((

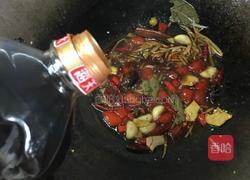 螺蛳鸭脚煲的做法图解8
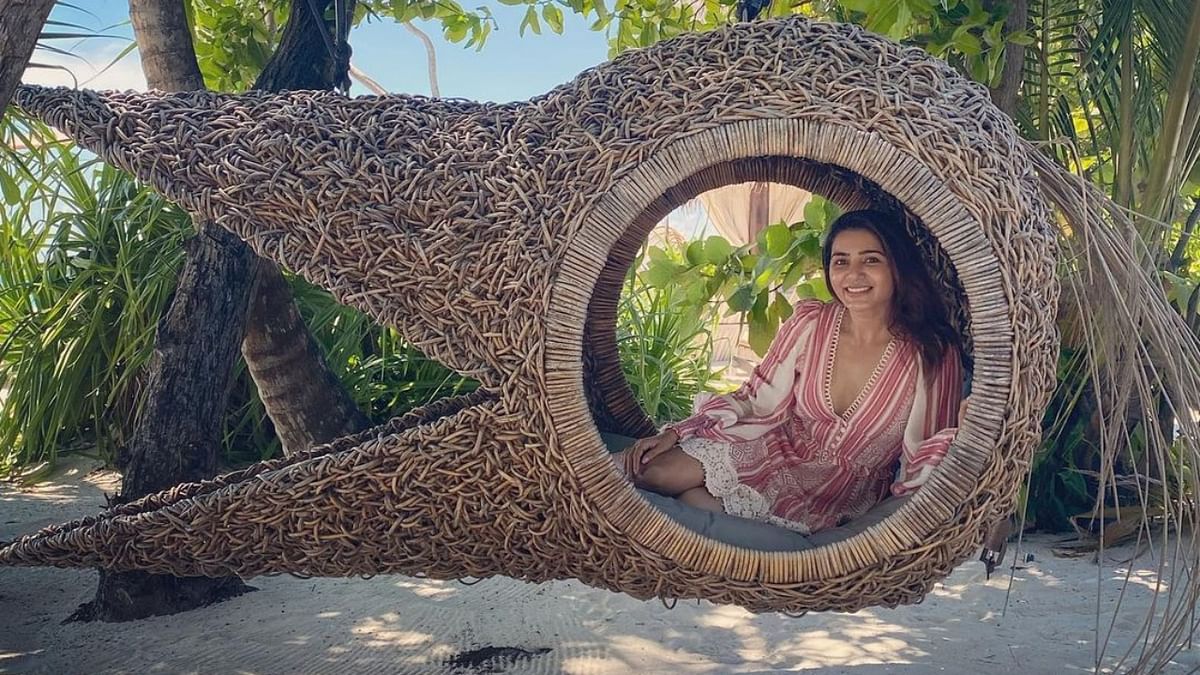 Here's a candid picture of Samantha Ruth Prabhu from her beach vacay. Credit: Instagram/samantharuthprabhuoffl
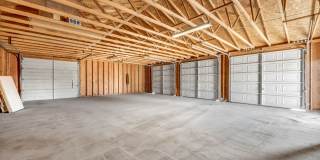 20 Acre Ranch with House, Barn, Separate Workshop, and 5-Car Garage Gallery 8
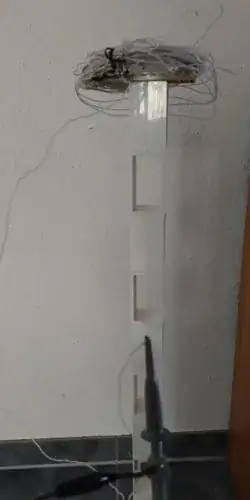 Antenna with oscilloscope probe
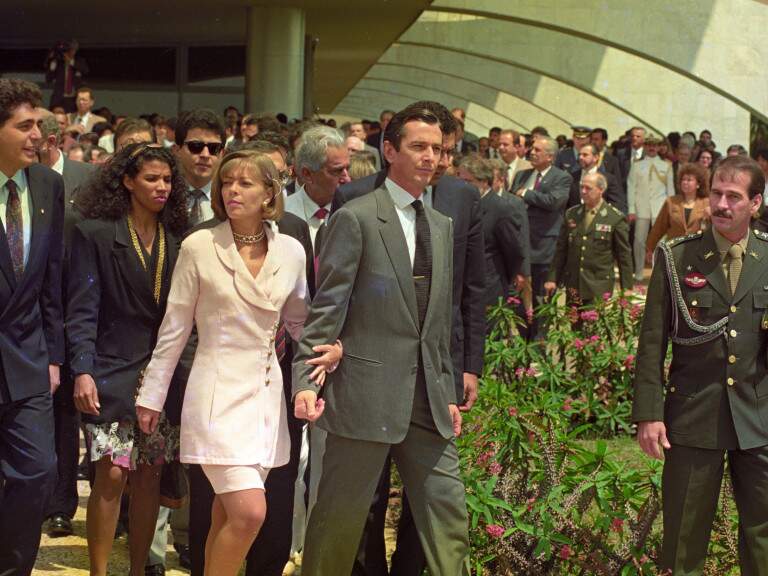 Fernando Collor de Mello deixa o Palácio do Planalto depois de notificado de seu afastamento, em Brasília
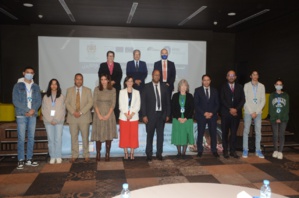 Tour d’horizon sur la cyberviolence et le cyberharcèlement avec Pr. Youssef Bentaleb Tour d’horizon sur la cyberviolence et le cyberharcèlement avec Pr. Youssef Bentaleb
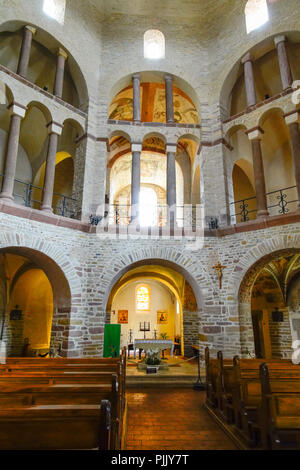 Interno di San Pietro e la chiesa di Saint Paul a Ottmarsheim costruito nel XI secolo, Alsazia, Francia. Foto Stock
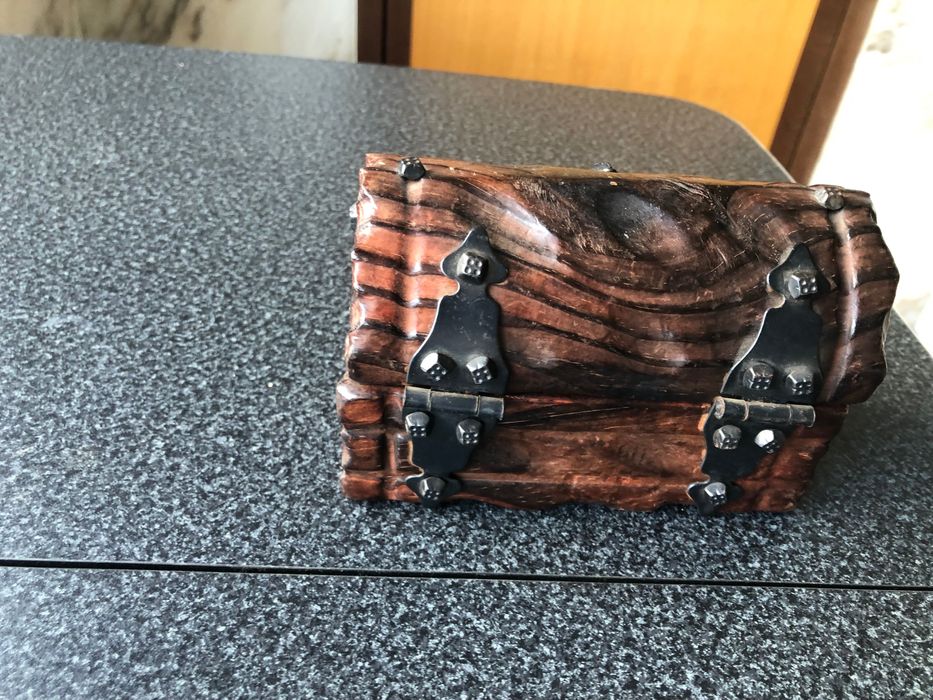 Pequena Arca em Madeira - Peça decorativa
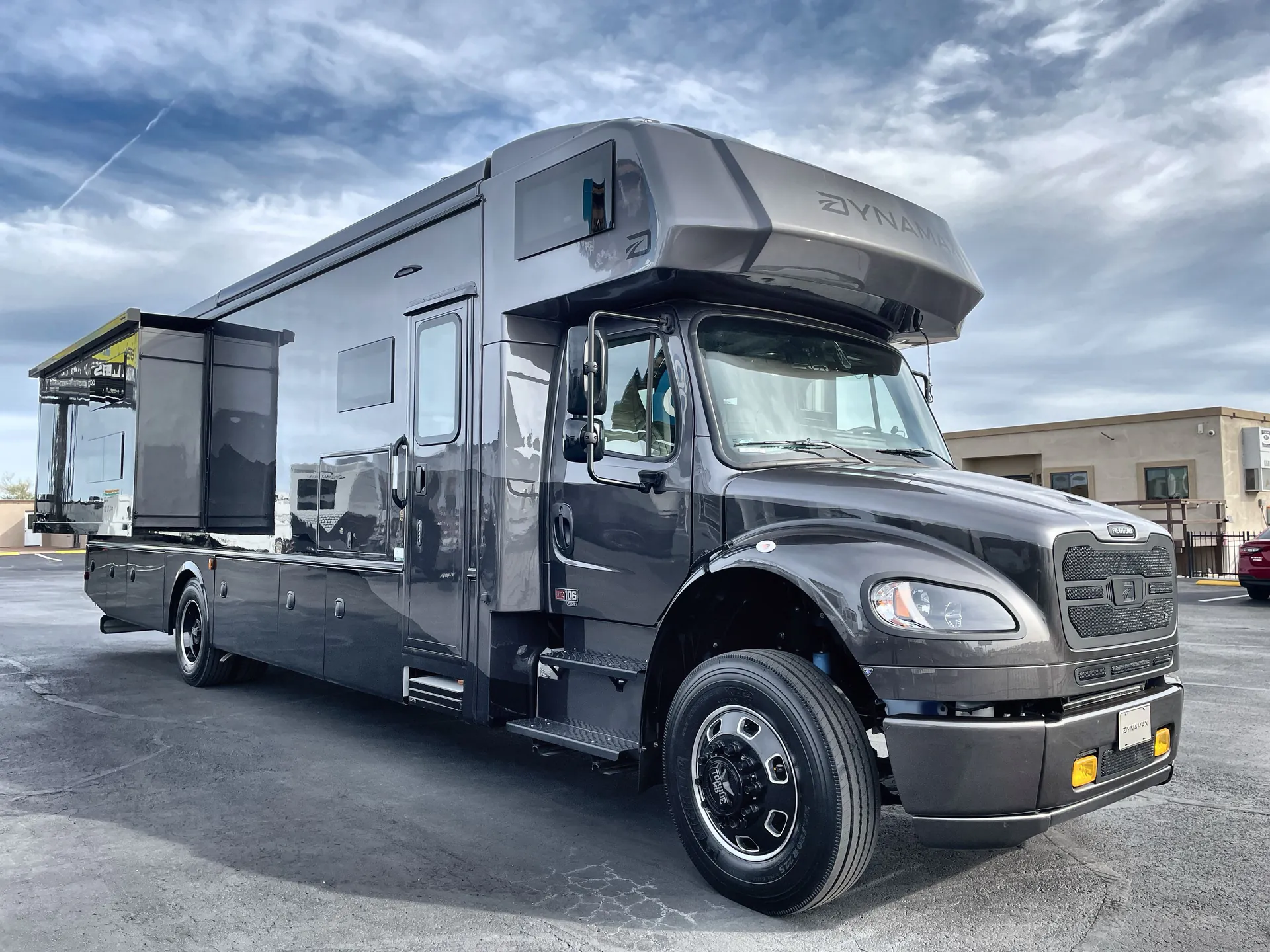 2026 dynamax Dx3 37BD - Photo 2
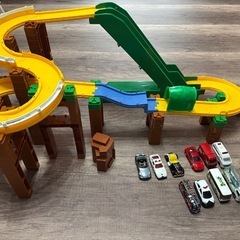 トミカ 3WAYオートやまみちどうろセット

))

■ Aim of the exercise
Nothing but the lines from the line with "Pequena Arca em Madeira - Peça decorativa" through the last line of the data above should be printed, exactly as written and without pictures.

■ Exercise answer
 Pequena Arca em Madeira - Peça decorativa
 2026 dynamax Dx3 37BD - Photo 2
 トミカ 3WAYオートやまみちどうろセット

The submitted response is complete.